Python has a reputation for being slow, is that reputation warranted even you're using numpy effectively?

jagerber · November 22, 2024, 9:55pm

It seem Python ubiquitously has a reputation for being slow because it is not a compiled language (I might already be saying something incorrect…). I’m a scientist so the times I care about performance are when I am doing heavy numerical tasks. However, with some care, I can usually shape my calculations to make efficient use of numpy and vectorization. Doing so usually makes my calculations pretty quick. If I’m really clever I can do multiprocessing to sometimes get speedups. Or maybe libraries I use under the hood already do some multi-processing.

So, if you are using numpy effectively then is python appreciably slower than other languages you might choose to do numerical calculations in? If the answer is no there still might be an argument like “yes, python can be as fast as rust or some sort of C if you’re really careful, but in these other languages it is easy/natural to make your code fast”.

Another note, I’m specifically asking about numerical tasks. It might be that python is slow for non-numerical tasks and there isn’t a “numpy equivalent” to speed it up. That would also be interesting to know. In my work it’s pretty rare that I’m doing something non-numerical with python where performance matters.

onePythonUser · November 23, 2024, 1:50am

Hello,

if you’re really pressed for time, create the equivalent code in C by creating a C extension that runs the equivalent code that you currently have the Numpy library functions doing.
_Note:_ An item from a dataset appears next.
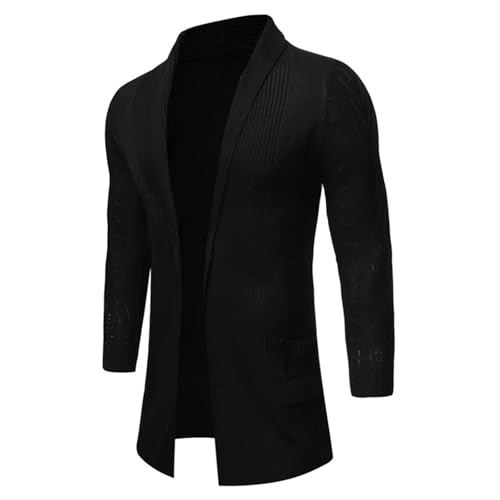 Mens Fashion Cardigan Sweater, Long Sleeve Shawl Collar Lapel Slim Fit Knit Cardigan Open Front Sweaters with Pockets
Use a timer to compare the latency between the two. Perform the same operation many times over (books generally have them performing the same function in a loop 500k - 1M times). This way you’ll have a practical measurement as opposed to remaining in a theoretical space.

Something like this:

from time import time

def timer(func):
    
    def wrapper():
        
        t1 = time()
        func()
        print('Runtime is: ', (time() - t1))
        
    return wrapper

@timer 
def your_function_to_run():
    
    # Code to run here
    # I just entered a misc loop as a place holder for now
    for i in range(1, 500000):
          t = i ** 2
    
your_function_to_run()

Once you have a practical measurement, you’ll know whether Numpy is comparable to C or not and if its worth the effort of creating C extensions instead of using Numpy libraries.
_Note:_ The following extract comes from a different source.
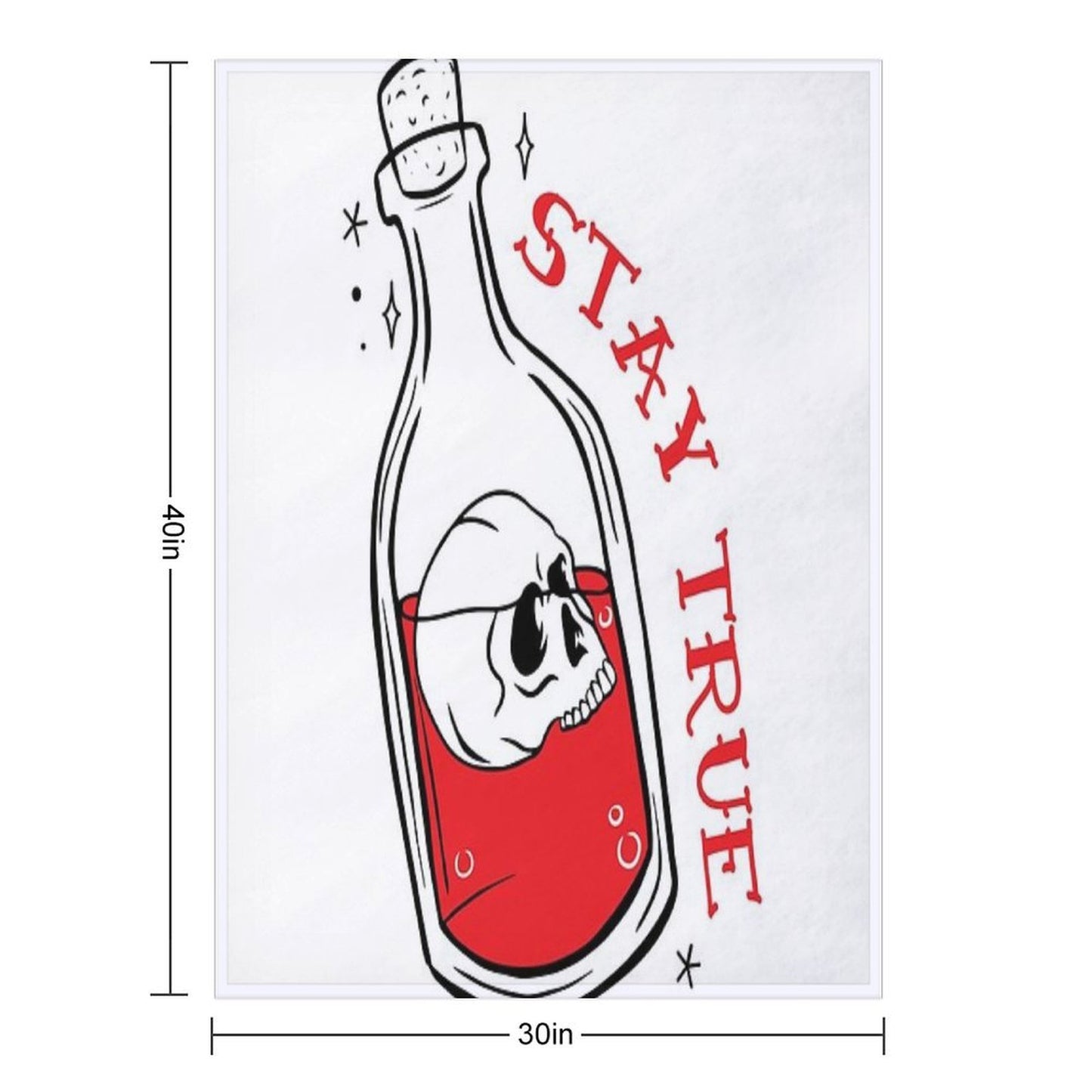 Stay True Skeleton in A Bottle Throw Blanket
jagerber · November 23, 2024, 2:22am

Thanks for this response. Yes I could benchmark code and probably should. But I am more wondering in a vague “theoretical” sense. If someone says to me: “Python is so slow, you should switch to X” can I correctly respond by saying: “Actually if you use numpy appropriately you can get practically as good performance in python as in X, at least for the performance critical numerical stuff”.

Is the answer really:

“there’s no general statement that can be said about this? It has to be considered on a case-by-case basis”?

Or can we generally say

“Yeah, on most problems you can probably get as good performance with numpy as you can with any other language”

or

“No, python is slow, period. If performance matters you should definitely move to another language.”

Rosuav · November 23, 2024, 2:29am

Or the answer is “No it isn’t, and I shouldn’t”. A claim with no factual basis can be refuted with no factual basis.

onePythonUser · November 23, 2024, 2:30am

Well, from a practical sense, if you can get your hands on actual data to back up your assertion (for or against; actual measurements), why not? Why stay in a theoretical space?

On a related note, it is not only the language that you’re using for your calculations (Python, C, etc.) to take into consideration, but also the speed of the system that you’re running on. If user A has a system that runs at, say, 5 GHz, and using C and user B has a system running at 15 GHz, but using Python, who’s faster? But all things being equal, taking measurements should remove all doubt.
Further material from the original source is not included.